US 5674110 A
The machine comprises at least one workpiece-bearing device is provided, upon which a tile or a stack thereof can be placed and blocked. The workpiece-bearing device is revolvable and can be positioned at any angle about a fixed axis. At least one drive head is fitted with at least one rotating grinding wheel, which operates on one side of the tile or on same sides of tiles forming the stack. The workpiece-bearing device and the drive head are constrained to a fixed frame in such a way that a plane of work motion of the at least one grinding wheel is disposed parallel to an axis of rotation of the workpiece-bearing device.

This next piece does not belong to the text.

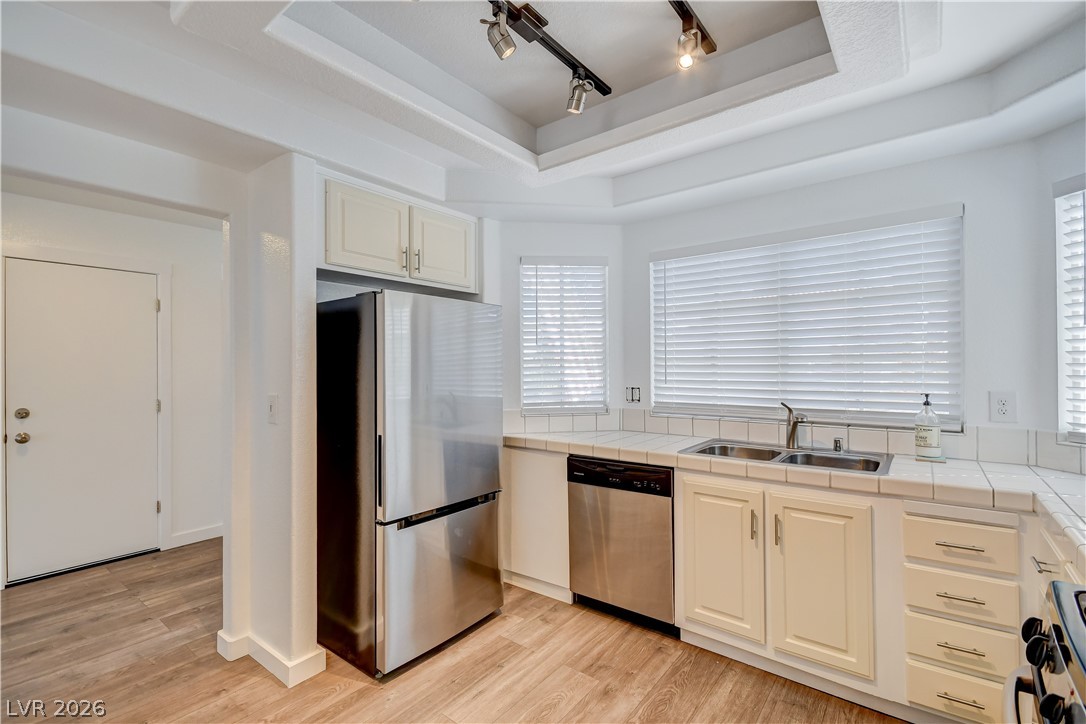 3725 Misty Falls Street Las Vegas NV 89129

1. A machine for sizing and squaring slabs of materials such as glass, stone and marble, ceramic tiles, the machine comprising:
a fixed frame;
at least one workpiece-bearing device onto which at least one tile can be placed and held fast;
said at least one workpiece-bearing device being revolvable and precisely positionable about at least one index axis thereof at various angles with respect to said fixed frame;
at least one drive head bearing at least one rotating grinding wheel destined to work on at least one side of said at least one tile; said at least one workpiece-bearing device and said at least one drive head being constrained to said fixed frame in such a way as to enable a relative motion thereof in at least one side plane which is not parallel to a lie plane of said at least one tile.
2. The machine of claim 1, wherein said at least one workpiece-bearing device comprises a support surface on which a face of said tile can be placed; above said support surface operate means for blocking which upon being activated press said at least one tile against the support surface such that said at least one tile is held fast therebetween.
3. The machine of claim 2, wherein said support surface and said means for blocking are shaped in such a way as to interact with central areas of faces of said at least one tile.
4. The machine of claim 2, wherein said at least one workpiece-bearing device and said means for blocking are arranged and shaped in such a way as to accommodate a stack of tiles on said support surface.
5. The machine of claim 4, comprising two of the workpiece-bearing devices arranged in opposite positions on a rotating platform; said rotating platform being able to rotate at least in such a way as to bring either of said two workpiece-bearing devices precisely into a position previously occupied by another of either of said two workpiece-bearing devices.
6. The machine of claim 4, comprising two drive heads, situated opposite one another and each bearing a grinding wheel arranged such as be able to operate on two opposite sides of said at least one tile.
7. The machine of claim 6, wherein said two drive heads are constrained to a mobile frame which is hinged to said fixed frame about a fixed axis.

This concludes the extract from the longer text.